Stattdessen sollen Ersthelfer beispielsweise anhand der äußeren Merkmale wie das Brustanheben und Senken die Atmung kontrollieren“, erklärt Elisabeth Stoyka. Außerdem hieß es früher: 15 Mal Herz-Lungen-Massage, zwei Mal beatmen.
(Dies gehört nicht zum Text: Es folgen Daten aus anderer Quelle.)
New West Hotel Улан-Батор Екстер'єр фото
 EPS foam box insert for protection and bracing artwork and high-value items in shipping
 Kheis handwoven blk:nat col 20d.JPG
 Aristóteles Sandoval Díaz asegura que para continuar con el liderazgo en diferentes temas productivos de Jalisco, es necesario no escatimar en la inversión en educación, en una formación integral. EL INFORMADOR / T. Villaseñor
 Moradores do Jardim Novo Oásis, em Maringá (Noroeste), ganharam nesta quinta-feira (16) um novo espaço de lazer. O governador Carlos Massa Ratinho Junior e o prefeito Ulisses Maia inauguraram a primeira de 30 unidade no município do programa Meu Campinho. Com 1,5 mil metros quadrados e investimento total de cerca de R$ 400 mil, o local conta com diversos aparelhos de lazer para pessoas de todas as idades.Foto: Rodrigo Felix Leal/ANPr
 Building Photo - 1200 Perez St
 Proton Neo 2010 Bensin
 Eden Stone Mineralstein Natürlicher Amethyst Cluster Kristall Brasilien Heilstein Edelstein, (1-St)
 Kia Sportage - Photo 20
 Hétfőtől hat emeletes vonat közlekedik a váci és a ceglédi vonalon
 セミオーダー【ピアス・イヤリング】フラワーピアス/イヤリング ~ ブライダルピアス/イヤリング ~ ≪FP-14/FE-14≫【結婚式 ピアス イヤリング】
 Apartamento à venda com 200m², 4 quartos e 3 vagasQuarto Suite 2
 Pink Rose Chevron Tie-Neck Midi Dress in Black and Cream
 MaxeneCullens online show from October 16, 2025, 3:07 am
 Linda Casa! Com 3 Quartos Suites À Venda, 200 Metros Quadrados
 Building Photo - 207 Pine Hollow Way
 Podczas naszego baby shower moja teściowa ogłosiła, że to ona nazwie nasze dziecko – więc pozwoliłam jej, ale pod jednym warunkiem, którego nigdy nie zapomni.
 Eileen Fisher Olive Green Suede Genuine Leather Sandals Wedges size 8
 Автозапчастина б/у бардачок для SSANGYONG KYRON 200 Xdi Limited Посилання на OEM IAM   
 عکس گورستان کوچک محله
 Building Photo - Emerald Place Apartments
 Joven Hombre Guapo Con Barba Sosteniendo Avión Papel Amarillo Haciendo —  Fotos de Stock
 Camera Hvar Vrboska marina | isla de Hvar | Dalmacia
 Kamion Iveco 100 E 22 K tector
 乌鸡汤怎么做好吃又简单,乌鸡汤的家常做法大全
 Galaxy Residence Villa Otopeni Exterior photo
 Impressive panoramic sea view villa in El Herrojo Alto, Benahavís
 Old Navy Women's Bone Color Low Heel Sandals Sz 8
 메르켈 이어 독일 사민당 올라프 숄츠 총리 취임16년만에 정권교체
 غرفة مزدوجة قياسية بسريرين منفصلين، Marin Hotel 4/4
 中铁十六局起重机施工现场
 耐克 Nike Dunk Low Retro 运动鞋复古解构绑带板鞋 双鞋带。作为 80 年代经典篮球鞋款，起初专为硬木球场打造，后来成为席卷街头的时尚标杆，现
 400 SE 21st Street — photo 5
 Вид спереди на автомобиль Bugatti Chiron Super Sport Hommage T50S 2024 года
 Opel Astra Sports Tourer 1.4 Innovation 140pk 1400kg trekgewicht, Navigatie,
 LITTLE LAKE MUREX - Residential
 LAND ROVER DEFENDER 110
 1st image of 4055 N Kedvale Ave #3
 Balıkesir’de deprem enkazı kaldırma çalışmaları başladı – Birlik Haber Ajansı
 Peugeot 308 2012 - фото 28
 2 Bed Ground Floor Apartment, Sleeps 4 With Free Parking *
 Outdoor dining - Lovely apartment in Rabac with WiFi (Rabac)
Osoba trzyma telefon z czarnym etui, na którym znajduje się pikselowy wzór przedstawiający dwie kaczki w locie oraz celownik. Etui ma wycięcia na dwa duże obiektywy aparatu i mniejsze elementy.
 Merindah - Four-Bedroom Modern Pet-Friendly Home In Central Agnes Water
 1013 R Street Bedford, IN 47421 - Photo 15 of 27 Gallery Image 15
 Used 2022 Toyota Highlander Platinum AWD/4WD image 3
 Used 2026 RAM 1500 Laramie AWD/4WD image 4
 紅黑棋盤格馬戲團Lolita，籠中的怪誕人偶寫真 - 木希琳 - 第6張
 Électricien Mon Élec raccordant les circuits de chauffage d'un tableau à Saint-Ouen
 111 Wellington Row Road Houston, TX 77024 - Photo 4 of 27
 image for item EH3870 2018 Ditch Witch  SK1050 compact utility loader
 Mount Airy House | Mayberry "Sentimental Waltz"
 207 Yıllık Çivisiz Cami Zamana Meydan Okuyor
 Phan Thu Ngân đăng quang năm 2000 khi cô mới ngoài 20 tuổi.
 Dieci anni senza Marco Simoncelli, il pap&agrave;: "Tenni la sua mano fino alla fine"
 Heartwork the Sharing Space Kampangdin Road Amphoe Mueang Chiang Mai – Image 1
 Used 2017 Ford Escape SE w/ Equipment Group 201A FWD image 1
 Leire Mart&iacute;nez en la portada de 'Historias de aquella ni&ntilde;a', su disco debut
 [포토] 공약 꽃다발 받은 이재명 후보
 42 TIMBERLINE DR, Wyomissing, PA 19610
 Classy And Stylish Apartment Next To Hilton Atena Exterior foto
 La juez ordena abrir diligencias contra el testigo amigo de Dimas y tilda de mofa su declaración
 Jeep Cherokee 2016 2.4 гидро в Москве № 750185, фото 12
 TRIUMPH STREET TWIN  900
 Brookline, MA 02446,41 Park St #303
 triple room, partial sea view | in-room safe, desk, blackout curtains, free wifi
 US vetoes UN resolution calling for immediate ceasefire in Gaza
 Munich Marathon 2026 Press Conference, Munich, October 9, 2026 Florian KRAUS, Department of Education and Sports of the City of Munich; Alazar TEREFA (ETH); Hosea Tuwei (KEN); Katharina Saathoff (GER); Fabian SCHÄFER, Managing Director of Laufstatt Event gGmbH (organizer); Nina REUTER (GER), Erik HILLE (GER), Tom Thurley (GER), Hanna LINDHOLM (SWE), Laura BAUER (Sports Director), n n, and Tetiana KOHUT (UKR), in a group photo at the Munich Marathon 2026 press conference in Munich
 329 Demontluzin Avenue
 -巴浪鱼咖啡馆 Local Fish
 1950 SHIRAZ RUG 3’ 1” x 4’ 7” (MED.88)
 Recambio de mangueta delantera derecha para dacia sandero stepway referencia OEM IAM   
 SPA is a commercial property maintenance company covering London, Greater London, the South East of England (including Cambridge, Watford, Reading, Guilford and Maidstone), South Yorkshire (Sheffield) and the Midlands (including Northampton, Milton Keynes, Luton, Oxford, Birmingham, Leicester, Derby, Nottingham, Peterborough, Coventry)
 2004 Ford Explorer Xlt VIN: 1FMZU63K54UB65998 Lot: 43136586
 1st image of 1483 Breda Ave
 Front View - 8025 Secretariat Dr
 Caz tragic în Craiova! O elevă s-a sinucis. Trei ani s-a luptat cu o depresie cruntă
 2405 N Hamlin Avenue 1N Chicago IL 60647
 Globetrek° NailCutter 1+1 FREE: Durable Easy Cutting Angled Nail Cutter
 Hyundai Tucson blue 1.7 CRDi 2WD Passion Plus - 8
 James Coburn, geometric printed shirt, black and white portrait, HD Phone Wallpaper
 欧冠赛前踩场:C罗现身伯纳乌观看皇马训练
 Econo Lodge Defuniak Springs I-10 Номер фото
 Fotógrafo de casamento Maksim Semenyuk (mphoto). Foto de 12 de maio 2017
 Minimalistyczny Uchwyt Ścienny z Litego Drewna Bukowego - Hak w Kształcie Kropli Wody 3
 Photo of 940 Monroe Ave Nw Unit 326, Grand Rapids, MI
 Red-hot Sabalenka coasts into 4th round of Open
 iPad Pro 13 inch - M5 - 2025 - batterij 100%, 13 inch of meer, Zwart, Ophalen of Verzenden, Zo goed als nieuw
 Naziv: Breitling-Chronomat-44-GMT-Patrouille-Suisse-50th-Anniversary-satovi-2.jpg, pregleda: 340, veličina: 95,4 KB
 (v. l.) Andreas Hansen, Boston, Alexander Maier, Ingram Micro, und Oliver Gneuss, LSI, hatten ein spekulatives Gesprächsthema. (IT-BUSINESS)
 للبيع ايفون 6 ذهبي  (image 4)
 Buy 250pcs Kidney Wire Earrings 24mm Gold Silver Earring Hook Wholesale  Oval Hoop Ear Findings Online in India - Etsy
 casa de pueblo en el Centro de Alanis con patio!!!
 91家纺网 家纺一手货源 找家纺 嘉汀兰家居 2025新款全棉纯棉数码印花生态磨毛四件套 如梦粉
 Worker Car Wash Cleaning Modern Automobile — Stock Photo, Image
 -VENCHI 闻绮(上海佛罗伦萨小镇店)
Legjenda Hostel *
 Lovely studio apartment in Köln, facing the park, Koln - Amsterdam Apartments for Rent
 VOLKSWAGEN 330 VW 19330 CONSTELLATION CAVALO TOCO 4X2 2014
Auch dies wurde nach neuesten wissenschaftlichen Erkenntnissen auf 30 zu 2 geändert. „Ein weiterer wichtiger Bestandteil ist die Handhabung mit einem Defibrillator, wie er beispielsweise in Einkaufsmärkten ab und an angebracht ist.“

Die Handhabung ist zwar kinderleicht, wie ein spontaner Test vor Ort zeigte, jedoch haben viele wohl eine Scheu, die lebensrettenden Stromstöße abzugeben. „Das Gerät erklärt anhand von Bildern und einer elektronischen Stimme, welcher Schritt zu machen ist. Ich habe das auch schon Kindern gezeigt. Ohne irgendeine Erklärung haben sie es sofort hinbekommen“, erzählt Soyka.

Am Ende des Gesprächs ist den beiden Roten-Kreuzlern noch wichtig, dass Unternehmen und Betriebe in die Defibrillatoren investieren sollen. Zwar sei dies keine Pflicht, trotzdem aber eine sinnvolle Anschaffung für die Sicherheit der Mitarbeiter.